I have probably bored you with all my fabric now, sorry! Although I bought a fair amount of fabric, pretty much all of it was bought with a pattern that I already have in mind, which was my aim. Three of them have already been made up, and hopefully the new job will allow me a bit more time to get some more of them sewn up in the next few weeks.

And it’s off to Goldhawk Road again tomorrow for Rachel’s NYLon meet up – I’m sure I’ll see some of you there! Again, I have a very specific list of things to buy, but it’s much shorter this time! One thing I would love to find is some suitable fabric for a Robson coat. After seeing Fiona’s (two!) and Claire’s lovely versions, I am desperate to get this sewn up. I am lacking a decent spring coat – I have thick winter coats, waterproof coats, or short jackets – and Robson will be perfect. I have the pattern, but have yet to find the right fabric.

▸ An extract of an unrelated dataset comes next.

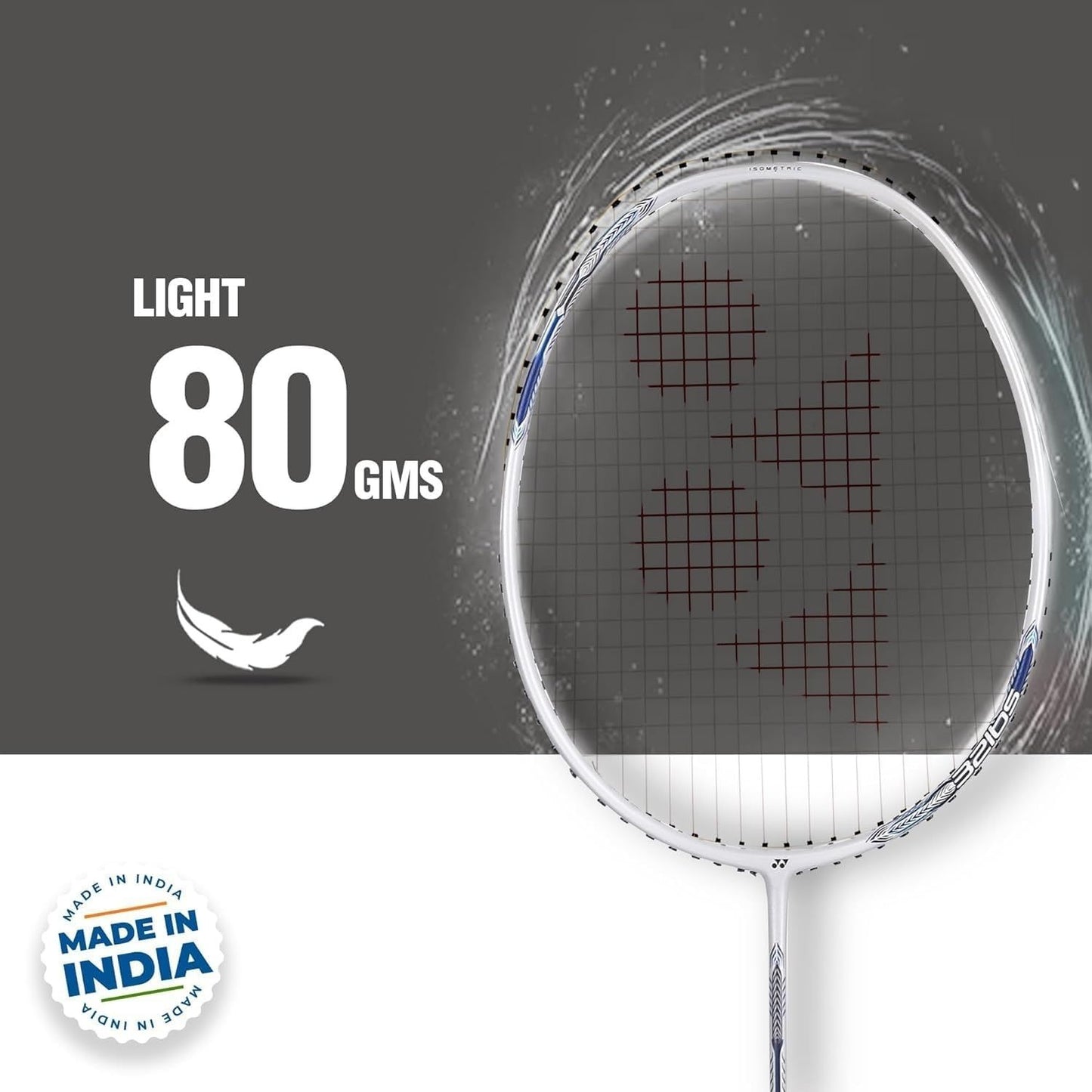 YONEX Astrox Attack 9 Strung Badminton Racquet | Head-Heavy Power | Isometric Head | Graphite Shaft | G4 Grip (4U)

I think Goldhawk Road is my new favourite fabric shopping location – the choice of shops is brilliant (I think there are about 15 on a short stretch of road), and the prices are great, but so is the quality. While Walthamstow market was super cheap, the quality just didn’t seem to be quite as good. However, I did go there early on in my sewing days, so it could just be that I didn’t really know what I was looking for. Ah, I’ll just have to go back! What I think Walthamstow wins on though, hands down, is notions. I got loads of nice trims when I went there, and zips! Ah, the zips! I got invisible zips there 4 for a £1 for shorter (skirt) zips, 3 for £1 for longer dress zips. Unfortunately I didn’t get enough though, and have had to resort since to buying them elsewhere for £2 each. I must go back at some point and seriously stock up on zips!

I’d better migrate inside now, before my laptop overheats (it’s started whirring quite loudly!), or I get sunburnt (oops, seemingly it’s too late for my stomach!), and get on with the more boring jobs I have to do today, such as sorting out car insurance. Ugh. But I’m looking forward to seeing lots of you tomorrow!